Wann sind Provisionsansprüche von Versicherungsvertretern zu aktivieren? Der BFH hat klargestellt, dass der Zeitpunkt hierfür von der jeweiligen Vertragsgestaltung im Einzelfall abhängt. Wenn ein Provisionsanspruch für ein vermitteltes Geschäft noch nicht entstanden ist, handelt es sich bei Auszahlungen lediglich um Provisionsvorschüsse, die als erhaltene Anzahlungen zu passivieren sind.
Der Bundesfinanzhof (BFH) hat mit seiner Entscheidung vom 30.04.2025 (X R 12-13/22) die Grundsätze zur Besteuerung der Provisionsansprüche von Versicherungsvertretern weiter konkretisiert.

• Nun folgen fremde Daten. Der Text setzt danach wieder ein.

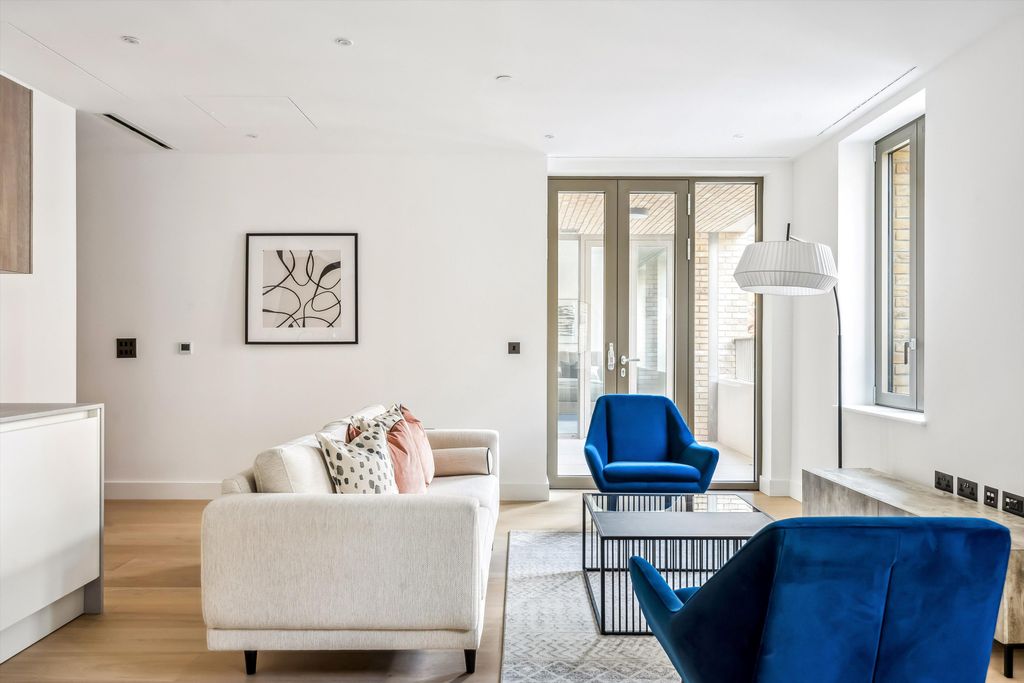 Property photo 3 of 14 Image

Sachverhalt im Besprechungsfall
K ist als selbständiger Handelsvertreter i.S.d. HGB tätig und vermittelt Versicherungsverträge auf Provisionsbasis. Seinen Gewinn ermittelt er durch Betriebsvermögensvergleich.

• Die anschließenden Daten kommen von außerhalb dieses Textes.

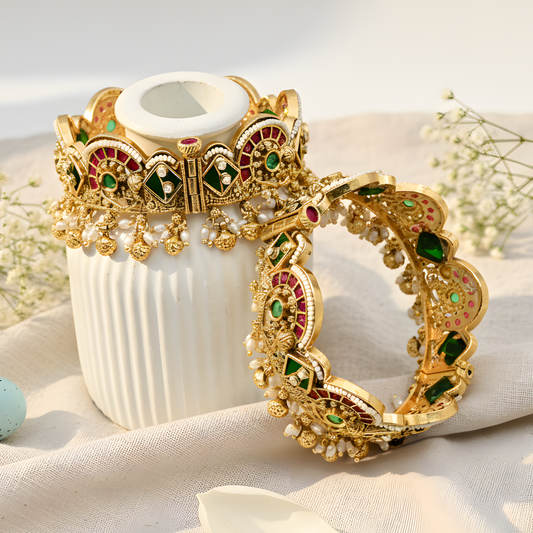 Royal Antique Ghunghroo Gold Bangles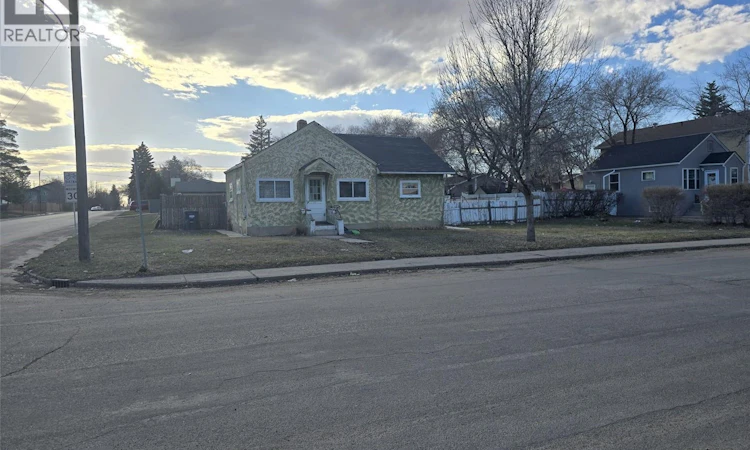 201 R Avenue N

Bei Stornohaftungszeiten ist vereinbart, dass der Provisionsanspruch erst nach Zahlung der Beiträge seitens des Kunden entsteht. Gleichwohl erhielt er auch vorab auf freiwilliger Basis Zahlungen, die bei Vertragsstornierung zurückzuzahlen waren. Zur Sicherung der vorfinanzierten Beträge wurde eine umsatzabhängige „Rückstellung“ einbehalten.

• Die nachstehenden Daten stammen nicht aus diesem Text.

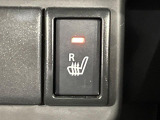 【シートヒーター】寒い日に重宝するシートヒーター!エアコンより早く温まってくれるので寒がりの人も安心ですね♪エアコンの温風は乾燥するから苦手、という方にもをおすすめです。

In den Jahresabrechnungen über diese Rückstellungen wurden diese unterschieden in „erforderliche Rückstellungen“ (oder „Soll-Rückstellungen“; einbehaltene Beträge, die sich rechnerisch nach Maßgabe der vorfinanzierten Provisionen und des vertraglichen Rückstellungsprozentsatzes ergeben) und „Ist-Rückstellungen“ (tatsächlicher Stand).
Mit dem Finanzamt entstand Streit darüber, ob die Soll-Rückstellungen steuerlich anzusetzen seien.
Das Finanzgericht (FG) wies die Klage des K ab, der BFH gab hingegen der Revision statt und verwies den Rechtstreit zurück an das FG.
Begründung im Besprechungsfall
Einleitend bestätigt der BFH seine bisherigen Grundsätze, dass sich der Provisionsanspruch eines Versicherungsvertreters nach § 92 Abs. 4 HGB bestimmt: Der Anspruch auf Provision entsteht, sobald der Versicherungsnehmer die provisionsrelevante Prämie oder Versicherungssumme gezahlt hat. Dies ist nach den Umständen des Einzelfalls zu bestimmen.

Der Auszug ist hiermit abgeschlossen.